Dr O'Meara points to the late French philosopher, Jacques Derrida, who suggested that images of cats served "as an allegory for all the cats of the earth, the felines that traverse myths and religions, literature and fables." Cats might be terrible at chasing sticks, but they are very good at being metaphors.

"Cats are inscrutable," said Dr O'Meara. "This makes them perfect vehicles for human to project ideas and feelings onto. Cats seem to transcend mediation, because they appear unselfconscious before the camera. Cats can be unpredictable, so they offer an impression of immediacy. Cat behaviour seems authentic, because they are not readily coerced."

Dr Stephen Fleischfresser, lecturer in the history and philosophy of science at Melbourne University, finds clues to the primacy of cats online in psychology and evolution.
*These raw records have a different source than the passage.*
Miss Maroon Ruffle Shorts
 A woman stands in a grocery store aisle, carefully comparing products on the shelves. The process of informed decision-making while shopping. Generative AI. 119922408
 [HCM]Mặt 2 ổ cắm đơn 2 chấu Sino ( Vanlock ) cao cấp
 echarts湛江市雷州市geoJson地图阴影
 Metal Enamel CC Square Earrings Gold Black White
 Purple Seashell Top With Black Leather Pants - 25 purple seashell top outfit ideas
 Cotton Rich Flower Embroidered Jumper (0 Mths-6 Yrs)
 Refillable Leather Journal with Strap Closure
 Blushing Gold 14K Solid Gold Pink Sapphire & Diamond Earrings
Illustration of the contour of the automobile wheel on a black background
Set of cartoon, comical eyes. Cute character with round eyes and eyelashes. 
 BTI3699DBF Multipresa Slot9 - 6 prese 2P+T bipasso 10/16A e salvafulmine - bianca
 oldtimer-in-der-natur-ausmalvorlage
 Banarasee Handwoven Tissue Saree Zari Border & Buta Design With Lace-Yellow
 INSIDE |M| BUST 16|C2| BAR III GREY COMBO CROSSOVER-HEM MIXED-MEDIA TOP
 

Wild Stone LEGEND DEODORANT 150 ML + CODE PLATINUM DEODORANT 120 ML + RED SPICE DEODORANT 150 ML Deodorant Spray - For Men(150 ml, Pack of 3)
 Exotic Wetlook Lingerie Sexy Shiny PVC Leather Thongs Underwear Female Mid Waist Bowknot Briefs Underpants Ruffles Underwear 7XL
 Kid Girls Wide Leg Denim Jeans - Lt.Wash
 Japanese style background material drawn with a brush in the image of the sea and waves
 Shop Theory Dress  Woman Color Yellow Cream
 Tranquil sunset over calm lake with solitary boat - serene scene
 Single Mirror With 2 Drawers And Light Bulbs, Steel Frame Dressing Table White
He suggests that many internet users think of themselves as independent and proud. "It's the vanity of anthropomorphism," he said. "They are seeing themselves reflected in cats."

And thus has it ever been, he continued. Cats were revered in ancient Egypt, reviled as witch-familiars in Medieval times, and now constitute an online cuteness plague. Cats have always been symbols as well as pets.

And the funniest thing? The cats don't give a damn. They never have.

"Dogs first came into the human sphere as scavengers and were then genetically manipulated to keep their social traits," said Dr Fleischfresser. "Cats only came into the human sphere because our houses contained rodents. Cats chose us, in a weird way, not the other way around. Cats remain completely independent. Their attitude to us is 'screw you, human, I don't care what you do just as long as you keep attracting rats'."